Hacker News new | ask | show | jobs
by mjr00 870 days ago
on the other hand the rate of change isn't constant and there isn't a guarantee that the incredible progress in the past ~2 years in the LLM/diffusion/"AI" space will continue. As an example, take computer gaming graphics; compare the evolution between Wolfenstein 3D (1992) and Quake 3 Arena (1999), which is an absolute quantum leap. Now compare Resident Evil 7 (2017) and Alan Wake 2 (2023) and it's an improvement but nowhere near the same scale.
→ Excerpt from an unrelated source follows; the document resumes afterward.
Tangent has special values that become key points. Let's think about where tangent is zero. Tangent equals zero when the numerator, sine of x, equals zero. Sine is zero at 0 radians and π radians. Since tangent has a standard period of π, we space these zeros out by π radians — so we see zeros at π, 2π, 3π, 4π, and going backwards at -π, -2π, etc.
We've already seen a fair bit of stagnation in the past year as ChatGPT gets progressively worse as the company is more focusing on neutering results to limit its exposure to legal liability.

2 comments

Yes again, it's very strange to see a simple focus on one particular instance from one particular company to represent the entire idea of technology in general.

If windows 11 is far worse in many metrics than windows XP or Linux, does that mean that technology is useless?
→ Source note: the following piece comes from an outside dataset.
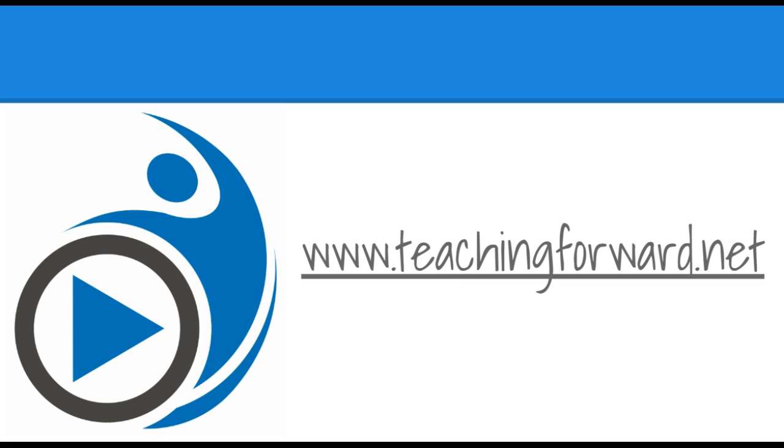For this and other tutorial videos and blog posts check us out online at teachingforward.net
It's one instance of something with a very particular vision being imposed. Windows 11 being slow due to reporting several GB of user data in the first few minutes of interaction with the system does not mean that all new OS are slow. Similarly, some older tech in a web UI (ChatGPT) for genAI producing non-physical data does not mean that all multimodal models will produce data unsupported by physics. Many works have already shown a good portion of the problems in GPTs can be fixed with different methods stemming from rome, rl-sr, sheavNNs, etc.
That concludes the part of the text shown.